Indonesia memborong gelar dalam perhelatan World Halal Tourism Award 2016 di Abu Dhabi, Uni Emirat Arab. Dari 16 kategori, 12 di antaranya dimenangkan Indonesia. Kemenangan itu diharapkan bisa mengerek jumlah kunjungan pariwisata Indonesia mulai 2017, khususnya kunjungan wisatawan muslim.

Beberapa kategori yang dimenangkan Indonesia, antara lain maskapai oleh Garuda Indonesia, kategori bandara oleh Sultan Iskandar Muda, Aceh, dan destinasi bulan madu halal oleh Sembalun Valley Region, Lombok. Selain itu, Sumatera Barat ditetapkan sebagai destinasi wisata halal terbaik di dunia.

Menteri Pariwisata Arief Yahya menuturkan, kemenangan itu sudah diupayakan sejak awal keikutsertaan Indonesia. Meski demikian, dia tetap tidak menyangka Indonesia bisa memborong 75 persen dari total penghargaan.

’’Ini capaian yang luar biasa. Untuk empat kategori lain, Indonesia memang tidak mengirimkan wakil,’’ ujar Arief, kemarin (8/12).

Dia menyebutkan, saingan terberat Indonesia adalah Malaysia. Khususnya pada empat kategori inti. Yaitu Halal Destination, Halal Honeymoon, Halal Hotel, dan Halal Culinary Destination. Keempatnya disabet Sumbar, Aceh, dan NTB yang sejak awal memang fokus mengelola wisata halal.

Indonesia memang sangat berkepentingan dengan kemenangan tersebut. Populasi muslim dunia yang sangat besar, sekitar dua miliar jiwa, menjadi pasar potensial bagi pariwisata Indonesia. ’’Dari tahun ke tahun selalu Malaysia dan Turki. Dua tahun belakangan kita ambil alih,’’ lanjutnya.

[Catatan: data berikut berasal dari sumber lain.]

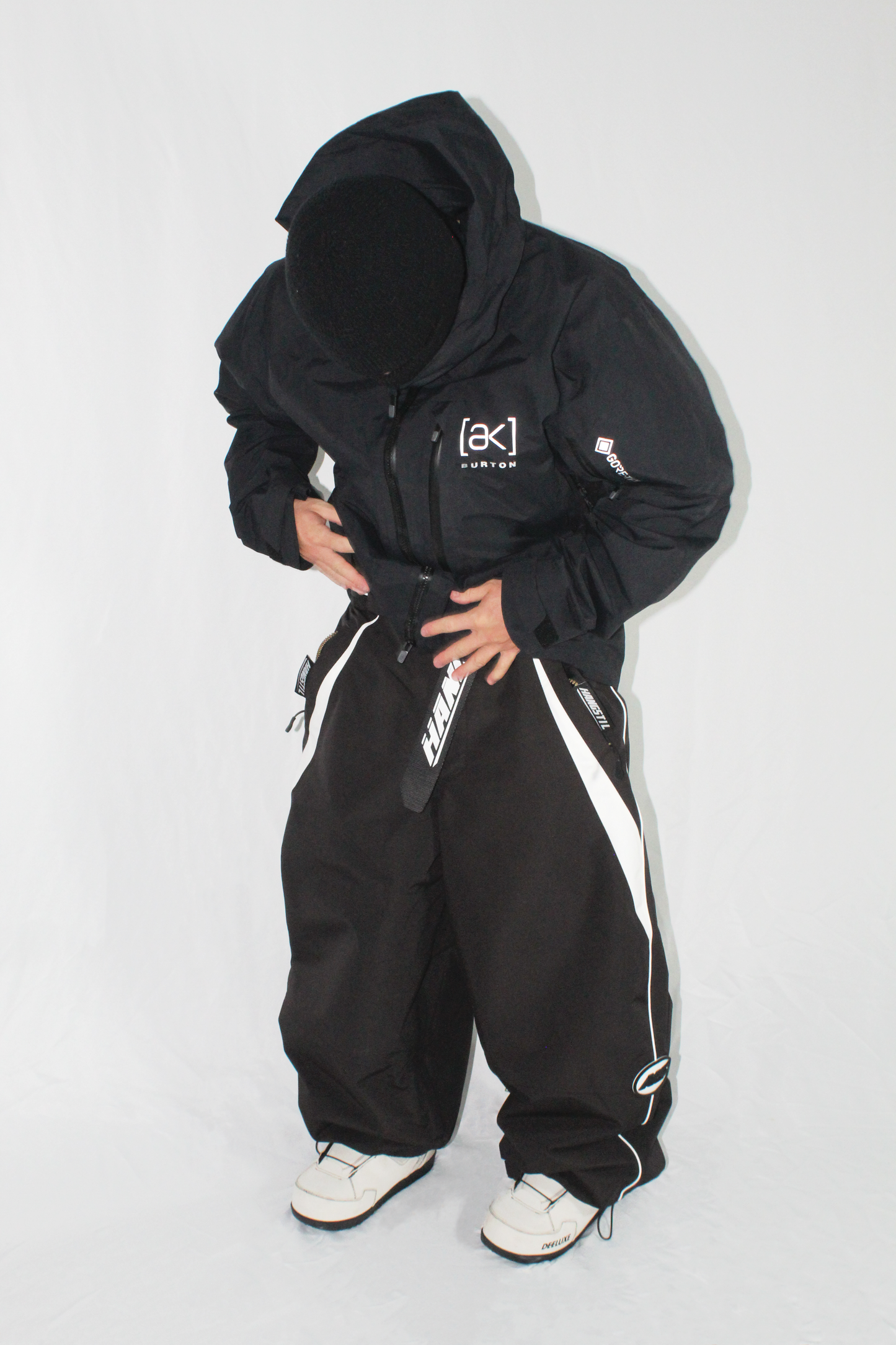 M-1 Snowboard pants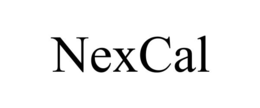 NEXCAL trademark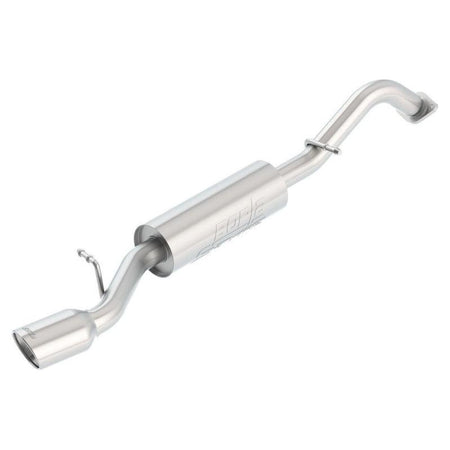 Borla 09-13 Toyota Corolla 1.8L/2.4L SS Exhaust (rear section only) - NP Motorsports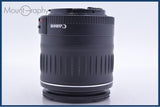【動作保証】 キヤノン Canon EF 28-90mm F4-5.6 III 前後キャップ&amp;レンズフィルター付 同梱無料 #am5789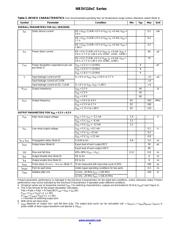 NB3V1104CDTR2G datasheet.datasheet_page 4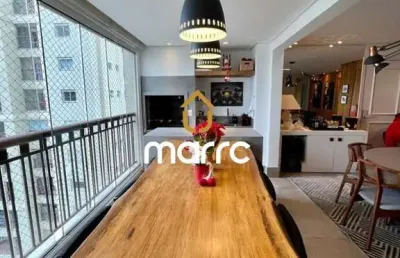 Apartamento com 3 quartos à venda na Rua Deputado Laércio Corte, 625, Panamby, São Paulo
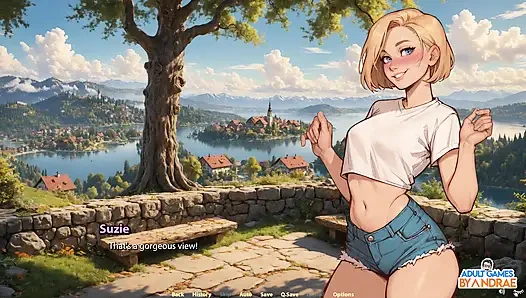 EP1: Moonripple Lake (Full Gameplay)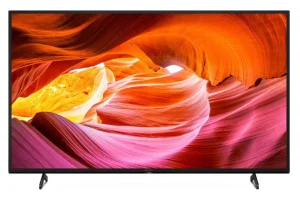 تلویزیون سونی 55X75K سایز ۵۵ اینچ 4K
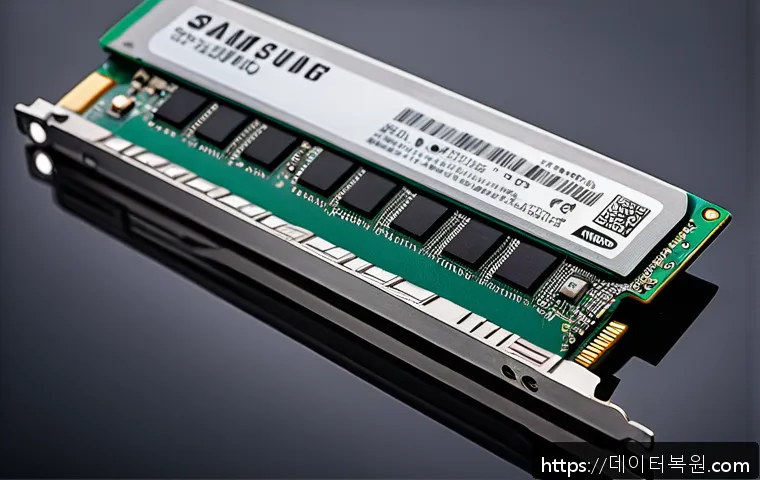 삼각동 SSD조립 및 교체수리 관련 이미지 1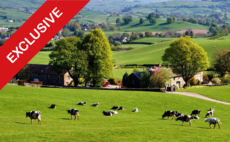 EXCLUSIVE: Investment plans on tenant farms 'stifled'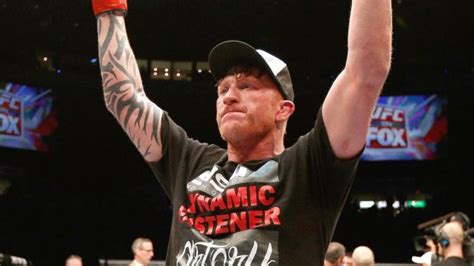 All information about Ed Herman (MMA Fighter): Age, birthday, biography, facts, family, net worth, income, height & more. 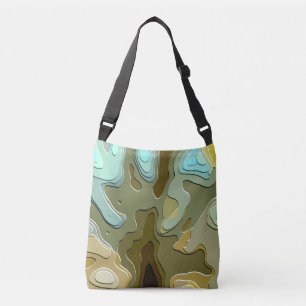 BOLSA AJUSTÁVEL ÁRVORE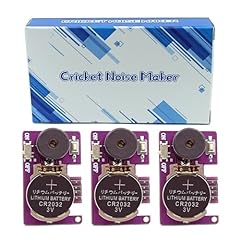 Ybyledonico cricket noise for sale  Delivered anywhere in USA 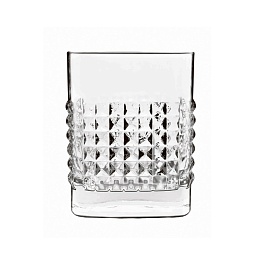 Набор бокалов для виски 6 шт 380 мл  Luigi Bormioli Mixology 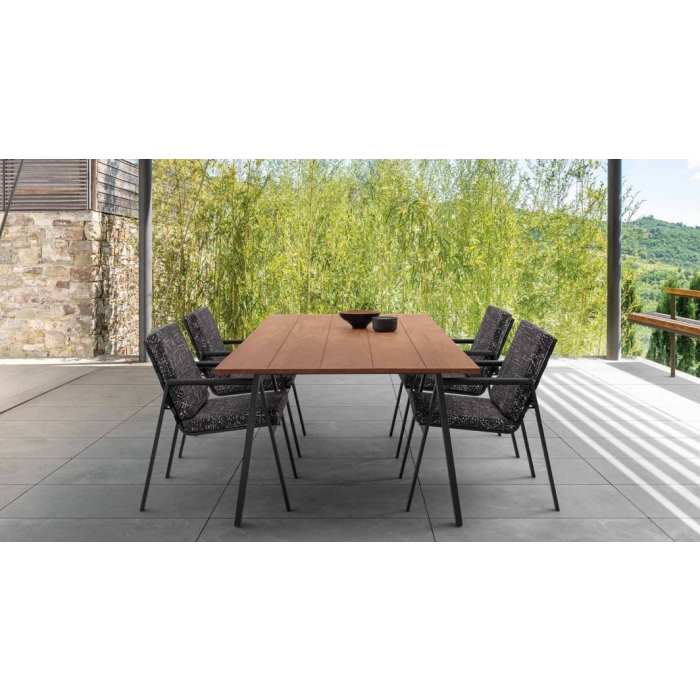 Cottage Esstisch von Talenti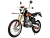 Мотоцикл KAYO T1 300 Enduro (PR300) 21/18 ПТС НДС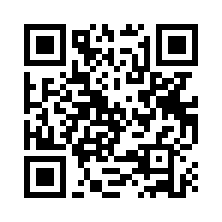 QR Code for bitcoin:1JmCycF4BiZFoLSXmPsK9EQKa8jswV2Nub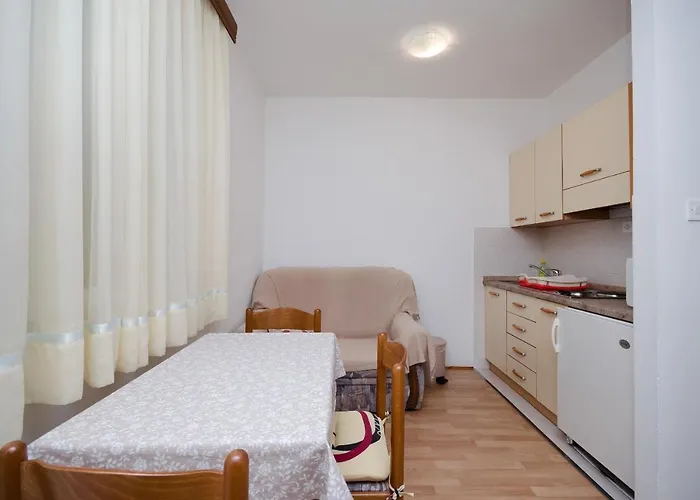 Ruza-rajska Apartament *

Dia yakin kemenangan itu akan berpengaruh pada pariwisata Indonesia. Selain mendongkrak kepercayaan diri, label terbaik itu juga akan menaikkan kepercayaan dunia internasional kepada pariwisata Indonesia. Selain itu, kemenangan tersebut memacu Indonesia untuk meningkatkan standar pariwisatanya.

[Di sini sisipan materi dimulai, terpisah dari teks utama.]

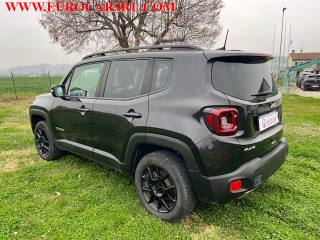JEEP Renegade usata, con Climatizzatore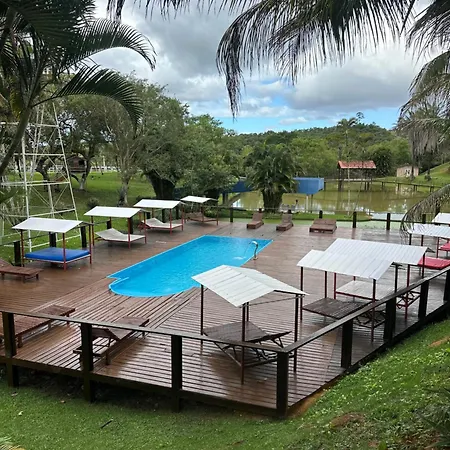 Hotel Fazenda VCP-2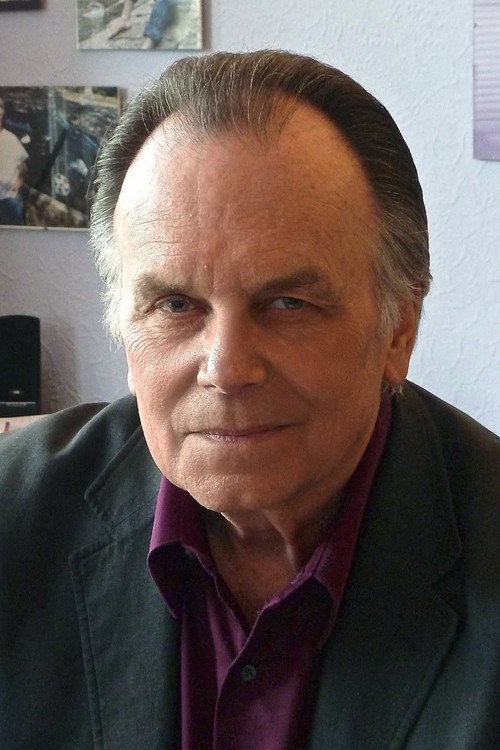 Photo of Gary Kurtz, Production
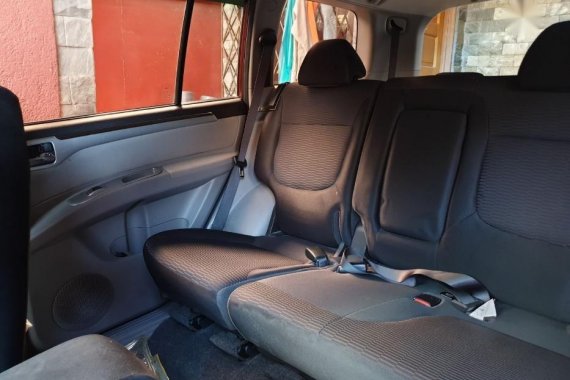 Mitsubishi Montero Sport 2013 Automatic Diesel for sale in Las Pinas 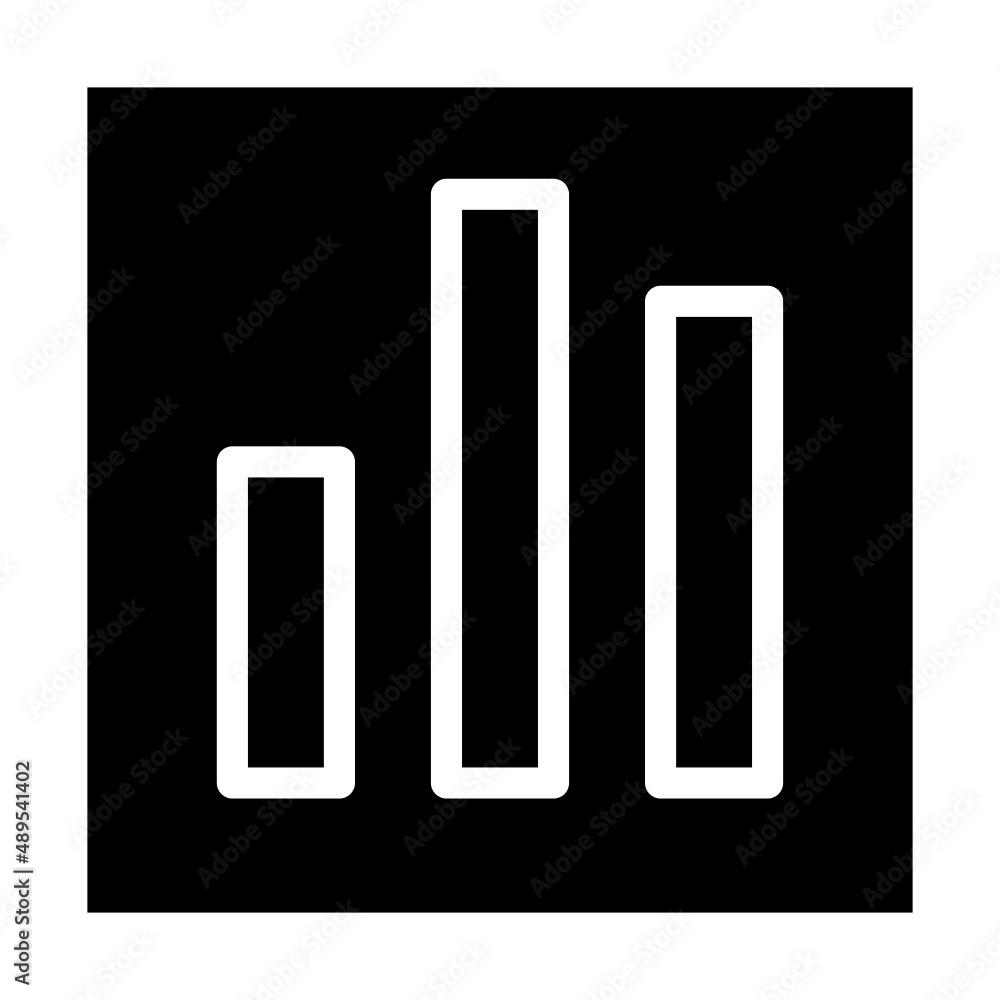 graph icon graph icon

Arief menambahkan, penghargaan itu juga diharapkan mampu sedikit mengurangi duka masyarakat Aceh yang baru saja terkena gempa. Aceh mendapatkan dua penghargaan, yakni World’s Best Halal Cultural Destination untuk Provinsi Aceh, dan World’s Best Airport for Halal Travelers untuk Bandara Sultan Iskandar Muda Banda Aceh. 

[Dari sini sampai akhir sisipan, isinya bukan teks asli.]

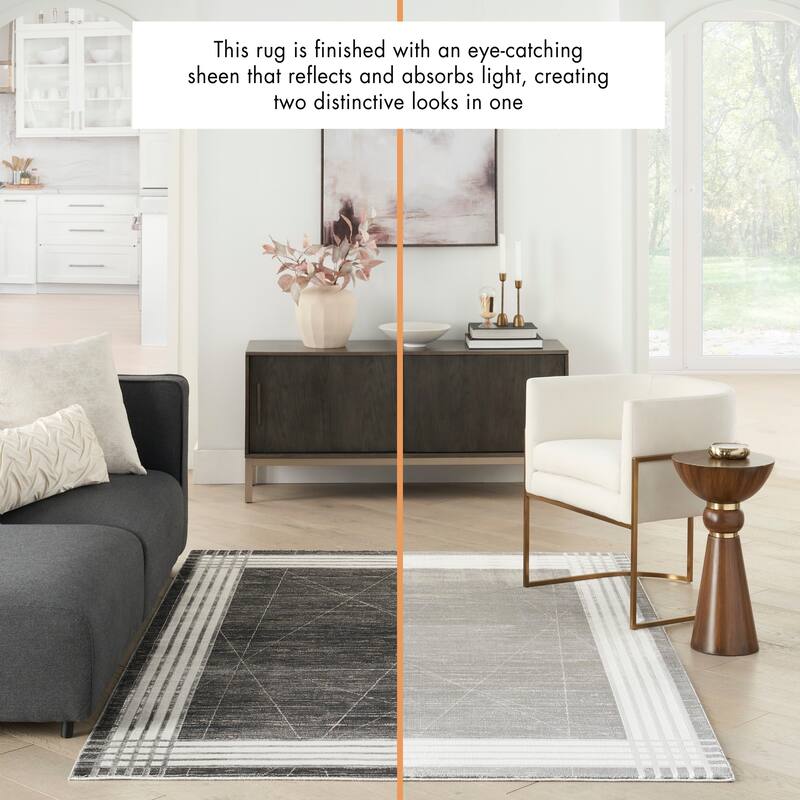 Nourison Desire Indoor Area Rug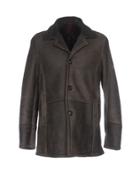 Cover Orciani Coats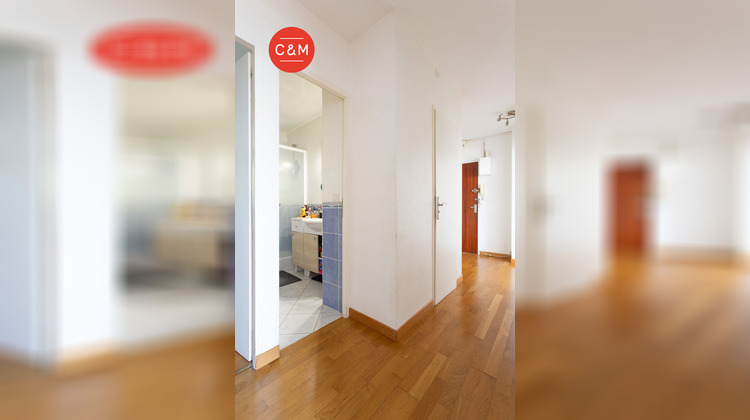 Ma-Cabane - Location Appartement REZE, 62 m²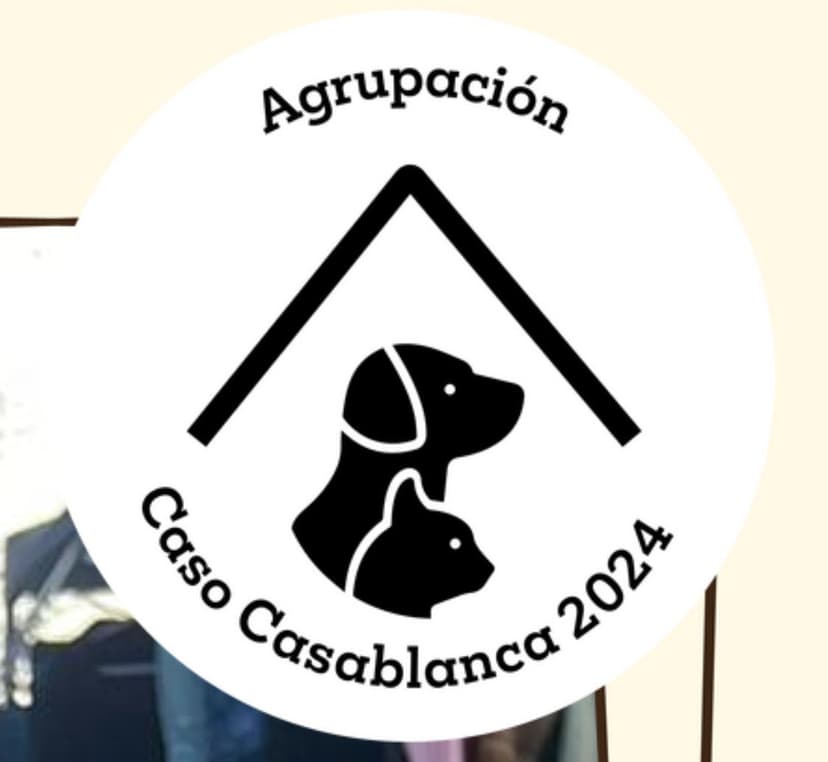 Agrupación Caso Casablanca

Anggota Tim Percepatan Pengembangan Pariwisata Halal (TP3H) Taufan Rahmadi menambahkan lonjakan jumlah wisatawan mancanegara sudah di depan mata pascakemenangan di WHTA.

Dia mengungkapkan, tahun lalu saat Lombok memperoleh penghargaan di ajang tersebut, langsung ada lonjakan luar biasa. “Dua hingga tiga bulan sudah banyak wisatawan asing hubungi biro wisata. Kebanyakan memang dari Timur Tengah,” ujar mantan ketua badan promosi wisata daerah NTB itu.

Imbasnya, tingkat okupansi hotel juga menggembirakan. Sebagian besar hotel di Lombok saat itu langsung menerima bayak tamu. “Akupansinya capai 80 persen hampir sepanjang tahun,” imbuh dia. 

Taufan yakin kondisi di Lombok itu juga akan terjadi di daerah lain di Indonesia yang menjadi pemenang tahun ini. Kondisi itu tentu juga akan menyumbang jumlah pendapatan daerah. “Saya yakin daerah seperti Sumbar dan Aceh akan menyusul,” tambah dia. 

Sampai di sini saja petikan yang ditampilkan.